En los últimos tiempos incluso se están viendo algunos casos de claro retroceso en algunos de los restaurantes de moda. Algunos de los nuevos cocineros considerados de vanguardia y repetidamente retratados en las revistas gastronómicas parecen haber olvidado que el vino se come. Ultimamente se perciben actitudes desdeñosas, cuando no directamente despectivas, hacia el vino por parte de alguna de esas estrellas. Algunos de ellos pasan por alto toda atención al maridaje vino-plato y afirman que, si el vino es bueno, podrá con cualquier plato.

Por ignorancia o pereza, no se han parado a comprobar eso con alcachofas, espárragos, escabeches, ensaladas y sus fuertes y magníficos vinagres (jerez, módena) y otros productos complicados. Y mucho menos con algunas composiciones atrevidas de las propuestas culinarias más vanguardistas.

Eso es criticable, pero al fin y al cabo nadie obliga a sufrir los inconvenientes de tanta estrella altiva. Otra consideración merece el papel de algunas bodegas que seleccionan ese tipo de restaurantes de moda para presentar una nueva marca, de una nueva cosecha o toda su gama de vinos. Se trata de una acción para “vender” el vino, mostrar sus cualidades en las condiciones más favorables posible, entre las que se cuenta obsequiar a la prensa especializada, sumilleres, jefes de compras o responsables de tiendas especializadas o de establecimientos de hostelería con un almuerzo o cena en uno de los locales de moda.

Se trata de buscar, sobre todo en esos casos, un menú que complemente y realce las cualidades del vino, de manera que se sumen las cualidades del vino con las de unos buenos platos supuestamente geniales. Además, esas acciones ofrecen la ventaja adicional para el restaurante de que les sirven de promoción, no sólo gratis, sino con más o menos pingües beneficios.

Una vez más, algunas de esas estrellas de la cocina se muestran ingratos no ya con un producto que venden con un margen considerable (de eso no se olvida ni uno solo), sino también con un cliente que les llena una mesa o varias y agasaja a sus invitados con la cocina, con el vino, los aguardientes, los puros… Pasan por alto que en ese caso la estrella es el vino y no sus platos o sus personas.

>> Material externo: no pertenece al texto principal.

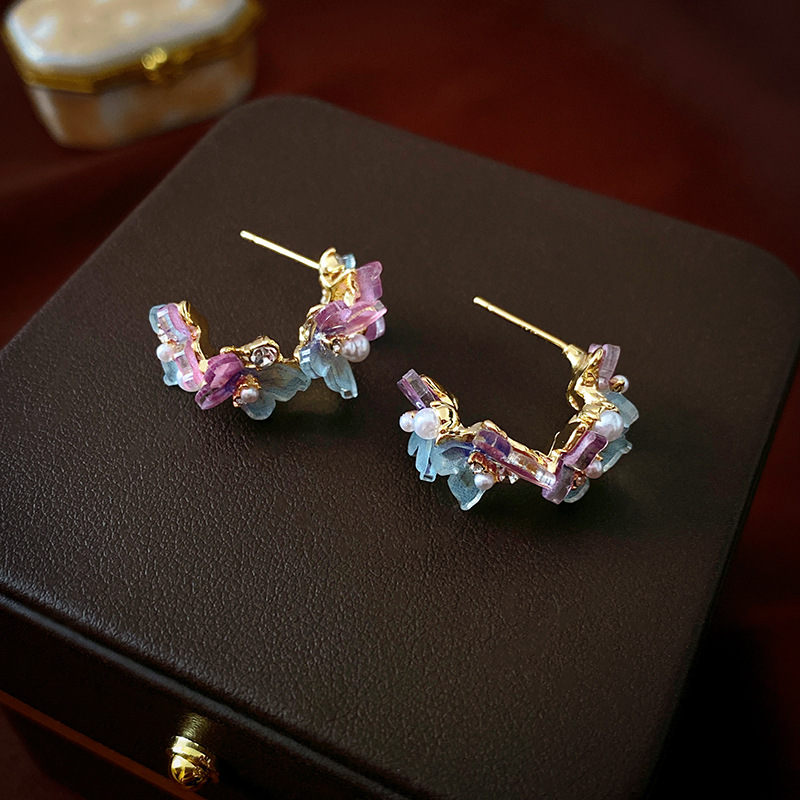 Geometric Pattern 1 Pair Sweet Geometric Inlay Alloy Acrylic Artificial Pearls Ear Studs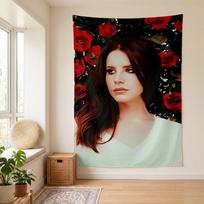 Lana Del Rey (57) Sieninė gobelenas Stilingas sienos kabinamas elementas miegamajam, svetainei, bendrabučiui Graži dovana šeimai ir draugams 100cmx150cm white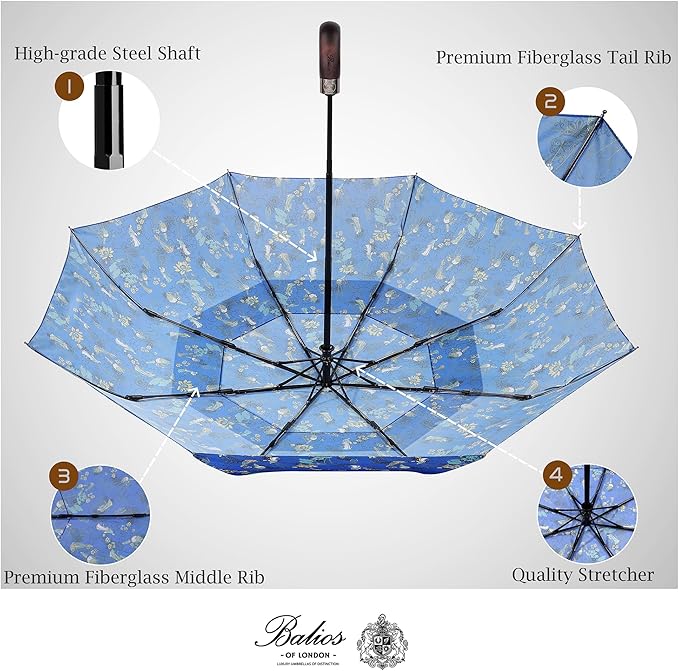 Balios Travel Folding Umbrella with Real Wood Handle Auto Open Close Vented Windproof Canopy - Designed in UK
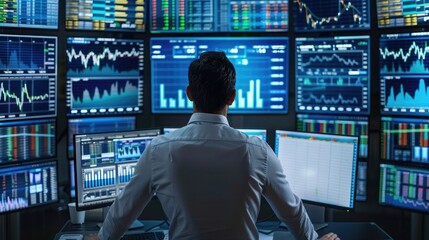 A businessman checking financial charts on multiple monitors, making investment decisions.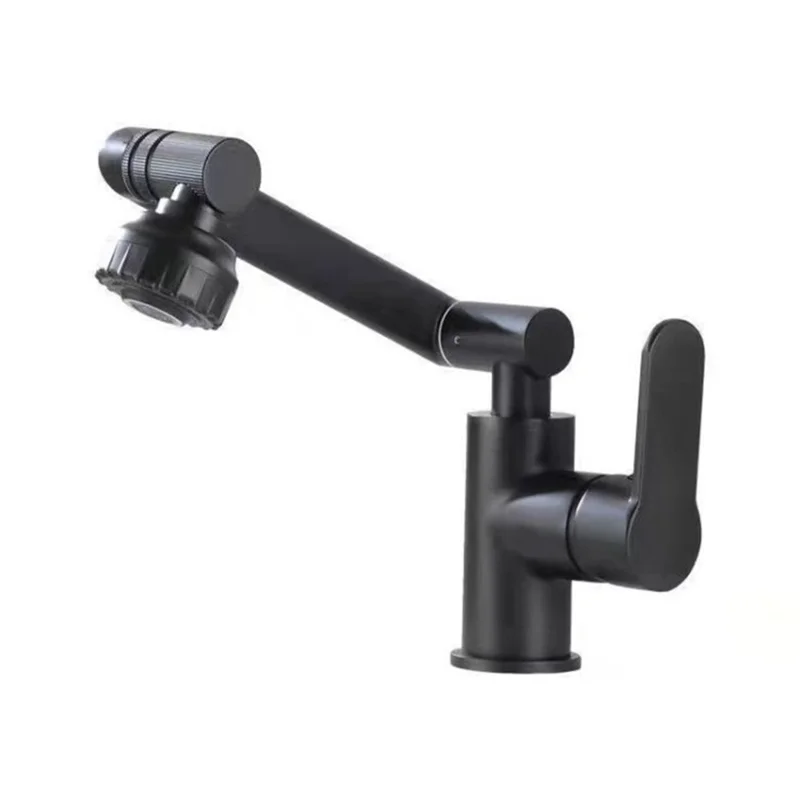 Multifunctional Arm Kitchen Sink Faucet 360° Flexible Hot Cold Mixer Tap - Black / Baking Finish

En los últimos tiempos ha destacado en este sentido el restaurante La Broche, uno de los más ensalzados representantes de la considerada como vanguardia gastronómica madrileña. En dos ágapes consecutivos convocados por sendas bodegas (la francesa Jaboulet y su distribuidor en España, Torres Import, y la ribereña Bodegas Señorío de Nava) el menú seleccionado para acompañar los vinos sólo puede ser calificado de auténtico disparate, aunque no se entre en la calidad de las elaboraciones sino sólo en su combinación con los vinos, que, no se olvide, eran los protagonistas y los “paganos” de la cosa.

Basta un ejemplo: con un vino tinto de crianza bastante redondo y si se quiere blando, se sirvió una composición consistente en una sardina en salmuera sobre una gelatina de agua de rosas. El vinagre de la salmuera y el rudo componente vegetal de la gelatina (para no hablar de los aromas que eso pone en la boca) rompen completamente la estructura de cualquier vino.

Desde luego, la responsabilidad es compartida: el restaurante no respeta al vino ni a su cliente y la bodega no se hace respetar. Pero el resultado es el mismo y a veces da la impresión de que, como diría el castizo, vamos “patrás como los cangrejos”.